“Success has become a way of life for Isro. But we never get carried away by success.”
This remark by a senior scientist of the Indian Space Research Organisation (Isro) summed up the mood in the control room at India’s spaceport in Sriharikota after the hugely successful PSLV- C34 mission on Wednesday morning.
This was the 36th flight of the Polar Satellite Launch Vehicle (PSLV) and the 34th successful launch in a row. The rocket has launched over 110 satellites, including 57 from international customers and space agencies. Wednesday’s was the fourth flight of PSLV in 2016. All these statistics reiterate the fact that PSLV has indeed become the workhorse of the Indian space agency and its mascot of success.
Just because the PSLV is being launched again and again, and with success, does not mean that the Isro is doing it mechanically. Yes, systems have been developed for everything that is required for repetitive launches — preparing multiple stages of the rocket, fuel supplies, satellite fabrication, integration, launch, as well as command and control.
Yet every launch of PSLV comes with specific challenges that require innovative technical and technological solutions. In this sense, no two launches of PSLV are carbon copies. Every time the requirements of mission are different and system has to be tailor made for the passengers — satellites — the PSLV carries.
PSLV-C34 posed two major challenges: It had to launch a record number of satellites — 20 in all. Second, the primary satellite — 727.5 kg Cartosat-2 series satellite — had to be launched in a polar sun synchronous orbit (SSO), while 19 other co-passengers together weighing 560 kg had to be launched in a slightly different orbit, that too separated by a safe distance.

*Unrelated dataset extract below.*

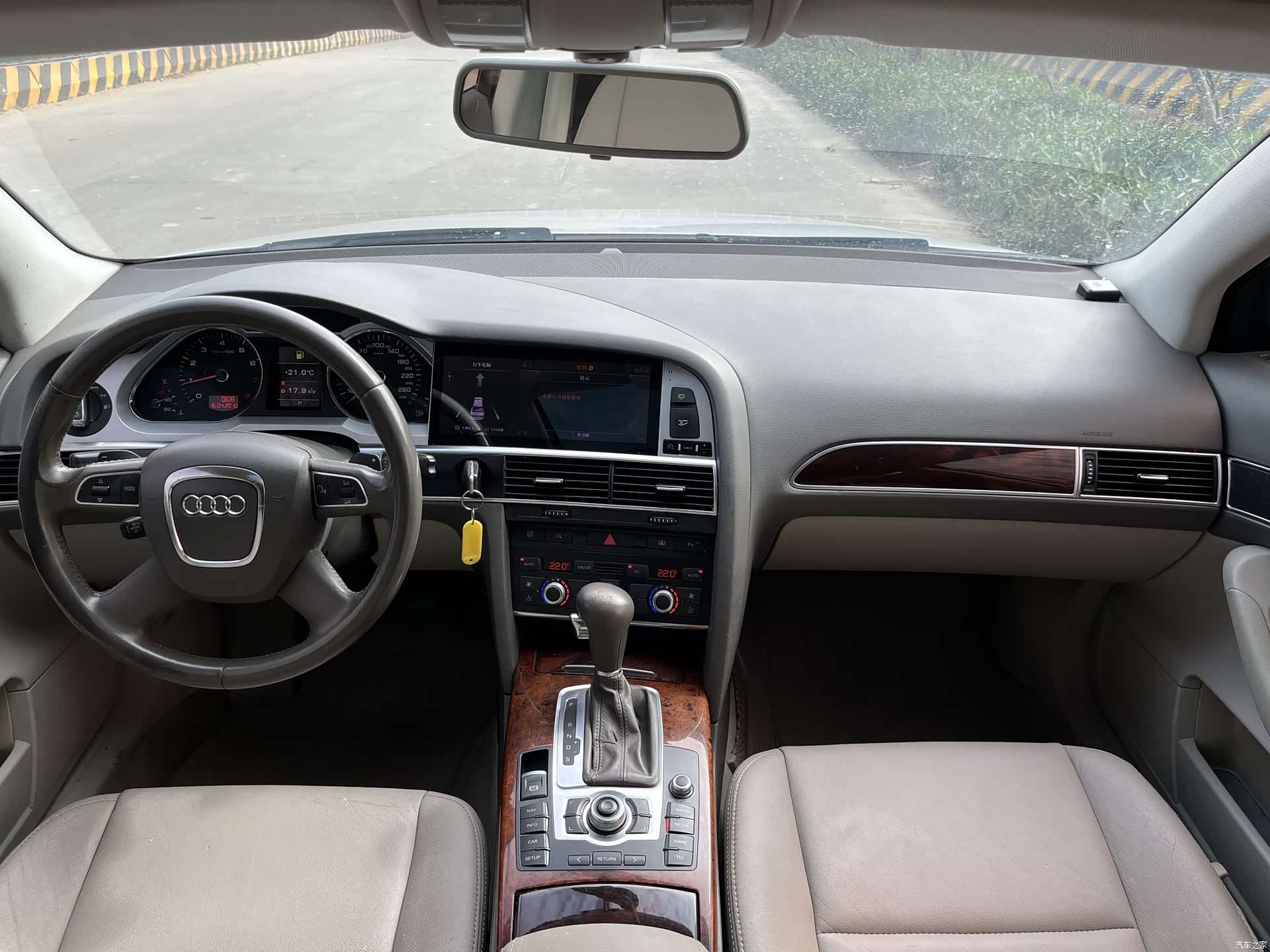 Audi A6L, 2010 8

This was the technological challenge that scientists successfully met in this mission.
To begin with, the most powerful version of PSLV — the XL version that has six strap-on motors to give it extra boost — was used for the launch of 20 satellites. In the past, Isro has executed 17 missions in which multiple satellites were launched. In 2008, PSLV was used to launch a set of 10 satellites in low Earth orbit. This time around 20 satellites were on board and they had to be injected precisely in SSO.
Two sets of new technologies were deployed in the PSLV–C 34 mission. A set of separation technologies was used to achieve precise and safe separation of four stages of the rocket and injection of satellites into their respective orbits. The type of separation or jettisoning system employed in a mission depends on several factors such as the jettisoning speed required and the shock load. For instance, the Flexible Linear-Shaped Charge (FLSC) was used for separation of the first stage. Separation of different stages is the most critical and challenging part of a space flight. This was successfully achieved in Wednesday’s flight.
The second important technological advance in the flight was re-ignition or re-start of the fourth stage of the rocket. The fourth stage fired for five seconds twice to give the rocket the necessary boost for injection of satellites in different orbits, after proper reorientation of the rocket. After the injection of main cargo, the Cartosat, the rocket launched two student satellites — Satyabhamasat and Swaym with a gap of 440 milliseconds. Dual Launch Adapter (DLA) technology was used for this purpose.
The re-starting of the fourth stage of the rocket, powered by liquid fuel, was a novel technique used in the PSLV- C34 mission. It was tested during the flight of PSLV-C29 and now it has been operationalised and will be used in future missions too.
The PSLV-C34 mission was also important for Isro to promote its commercial interests. The co-passenger satellites came from the US (13), Canada (two), Germany and Indonesia (one each), besides the two nano satellites from Indian academic institutions (Satyabama University and College of Engineering, Pune). Of the two American satellites launched on Wednesday, SkySat3 has been developed by Terra Bella, a Google subsidiary based in California. Most satellites are earth imaging satellites, many of them weighing around 100 kg each. In the past, Isro has launched satellites from several space agencies, commercial space firms and academic institutions around the world.
The primary satellite launched — Cartosat 2 — is an advanced remote sensing satellite developed by India. The images sent by this satellite will be useful for cartographic, urban and rural applications, coastal land use and regulation, utility management such as road network monitoring, water distribution, creation of land use maps, and other Land Information System (LIS) and Geographical Information System (GIS) applications.